3.    Position and Responsibilities.    Executive shall report to and be subject to the direction of the Chief Executive Officer of the Company. Executive shall perform and discharge such duties and responsibilities for the Company as the Chief Executive Officer may from time to time reasonably assign Executive. Executive understands and acknowledges that such duties shall be subject to revision and modification by the Chief Executive Officer and/or the Board of Directors (the ‘‘Board’’) of CHATT Holdings, LLC (‘‘CHATT’’) or the Company, as appropriate, upon reasonable notice to Executive. During the Employment Period, Executive shall devote Executive’s full business time, attention, skill and efforts to the faithful performance of Executive’s duties herein, and shall perform the duties and carry out the responsibilities assigned to Executive, to the best of Executive’s ability, in a diligent, trustworthy and businesslike manner for the purpose of advancing the Company. Executive acknowledges that Executive’s duties and responsibilities will require Executive’s full-time business efforts and agrees that during the Employment Period, Executive will not engage in any outside business activities that conflict with Executive’s obligations under this Employment Agreement. On or prior to January 1, 2007, at the Company’s election upon reasonable notice, Executive’s place of employment shall be relocated from Columbus, Ohio to Harrisburg, Pennsylvania.

4.    Compensation.

(a)    Base Salary.    During the Employment Period, the Company shall pay to Executive a minimum base salary at the annualized rate of $364,000 per year (the ‘‘Base Salary’’), less applicable tax withholding, subject to increase from time to time, solely at the Company’s discretion, payable at the Company’s regular employee payroll intervals. Executive’s performance shall be reviewed annually on or before December 31 and the Base Salary may be increased, effective January 1 of each year, at the Company’s sole discretion.
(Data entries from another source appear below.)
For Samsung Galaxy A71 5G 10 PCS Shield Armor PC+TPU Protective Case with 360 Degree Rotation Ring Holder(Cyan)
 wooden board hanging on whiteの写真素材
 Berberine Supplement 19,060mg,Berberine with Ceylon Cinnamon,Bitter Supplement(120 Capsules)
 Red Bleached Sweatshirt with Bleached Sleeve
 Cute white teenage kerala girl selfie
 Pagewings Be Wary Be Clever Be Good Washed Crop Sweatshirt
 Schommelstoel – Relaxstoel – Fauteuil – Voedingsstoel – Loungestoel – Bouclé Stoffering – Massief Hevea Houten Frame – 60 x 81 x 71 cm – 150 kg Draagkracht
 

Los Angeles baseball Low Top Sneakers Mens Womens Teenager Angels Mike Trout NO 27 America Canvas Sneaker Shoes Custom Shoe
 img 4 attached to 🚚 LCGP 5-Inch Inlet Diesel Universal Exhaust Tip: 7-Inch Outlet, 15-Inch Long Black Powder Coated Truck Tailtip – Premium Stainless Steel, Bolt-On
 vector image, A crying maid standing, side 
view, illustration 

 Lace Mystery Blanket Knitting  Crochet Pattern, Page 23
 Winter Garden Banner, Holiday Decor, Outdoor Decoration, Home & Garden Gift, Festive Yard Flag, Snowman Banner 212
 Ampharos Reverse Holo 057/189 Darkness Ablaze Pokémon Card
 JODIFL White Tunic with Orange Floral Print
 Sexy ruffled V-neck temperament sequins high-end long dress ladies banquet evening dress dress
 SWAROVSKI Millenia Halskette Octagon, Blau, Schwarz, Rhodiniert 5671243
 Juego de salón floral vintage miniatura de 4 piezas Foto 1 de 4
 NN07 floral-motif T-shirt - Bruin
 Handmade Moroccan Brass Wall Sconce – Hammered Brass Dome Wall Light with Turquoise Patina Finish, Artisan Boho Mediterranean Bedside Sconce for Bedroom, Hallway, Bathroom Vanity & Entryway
(b)    Bonus.    During the Employment Period, Executive shall be eligible to receive an annual bonus pursuant to a program, approved by the Board, with two components: (i) the first component grants a bonus amount based on the achievement of Company performance targets and (ii) the second component grants a bonus amount based on the achievement of personal objectives. Under the program, Executive will be eligible for a target bonus equal to 40% of Executive’s Base Salary; provided that, in respect of the fiscal year ending September 30, 2006, Executive will be eligible to receive an amount under only the first component of the program, which amount will be multiplied by a fraction, the numerator of which is the number of days Executive was employed during such fiscal year and the denominator of which is 365.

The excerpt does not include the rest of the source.